Non-network owned affiliates will no longer be liable for fines for live programming or scripted programming over which they do not have effective control. But networks and individuals will, if indecency rules are willingly violated.
Market size and ability to pay will also be taken into account for fines that stations are liable for.
That was about the only bright spot in a bill that changed dramatically, though not unexpectedly, from the version passed out of the telecommunications subcommittee.
Licensees will lose the presumption of renewal on a first offense, meaning the FCC has to weigh that offense at renewal time and decide whether the station is fit to hold onto its spectrum. Three strikes and it is an automatic license-revocation proceeding.
Maximum indecency fines, which were originally to be increased 10 times are now up almost twentyfold, from $27,500 to $500,000.
The FCC is also being told to get tough on performers. Maximum fines for nonlicensees were raised dramatically, from $11,000 for $500,000. The bill also puts the fine into play for a first violation. Currently, nonlicensees had to get a warning first.

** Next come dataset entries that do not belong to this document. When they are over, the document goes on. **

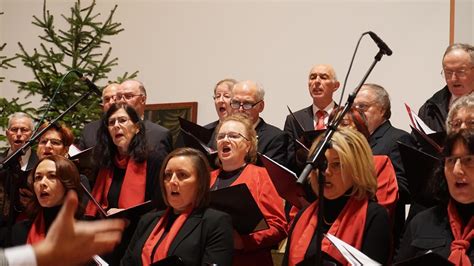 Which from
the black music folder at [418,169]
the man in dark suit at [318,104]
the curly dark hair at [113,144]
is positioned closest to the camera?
the black music folder at [418,169]

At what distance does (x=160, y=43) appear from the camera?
8.53 meters

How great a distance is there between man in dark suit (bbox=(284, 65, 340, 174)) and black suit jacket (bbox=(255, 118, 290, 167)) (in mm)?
216

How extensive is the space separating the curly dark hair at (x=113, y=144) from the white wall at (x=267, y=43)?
2.53 meters

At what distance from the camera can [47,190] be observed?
4949 mm

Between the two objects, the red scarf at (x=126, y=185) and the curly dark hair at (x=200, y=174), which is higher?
the curly dark hair at (x=200, y=174)

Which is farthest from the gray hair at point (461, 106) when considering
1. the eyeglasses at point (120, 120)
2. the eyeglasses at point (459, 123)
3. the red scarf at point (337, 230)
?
the eyeglasses at point (120, 120)

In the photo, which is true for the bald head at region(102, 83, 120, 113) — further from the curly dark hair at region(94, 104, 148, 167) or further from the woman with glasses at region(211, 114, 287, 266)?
the woman with glasses at region(211, 114, 287, 266)

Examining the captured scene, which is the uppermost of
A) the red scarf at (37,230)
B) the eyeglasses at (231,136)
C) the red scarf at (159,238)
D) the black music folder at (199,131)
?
the eyeglasses at (231,136)

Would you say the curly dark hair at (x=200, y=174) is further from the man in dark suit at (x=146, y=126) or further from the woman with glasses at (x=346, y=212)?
the man in dark suit at (x=146, y=126)

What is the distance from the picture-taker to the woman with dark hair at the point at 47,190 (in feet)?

The FCC is being told to get the lead out when it comes to reviewing complaints. The bill establishes a 180-day shot clock within which it must make a decision. It will also be required to report to congress annually on its indecency enforcement.
The bill passed 49-to-1. The only holdout was Illinois Democrat Janice Schakowsky, who wanted to amend the bill to include rolling back the 39% ownership cap for two years while the GAO reviewed the connection, if any, between consolidation and indecency.
A number of Democrats on the panel suggested that doing something to stem such consolidation was a more effective means of addressing indecency than the indecency bill, which several said raised some speech issues.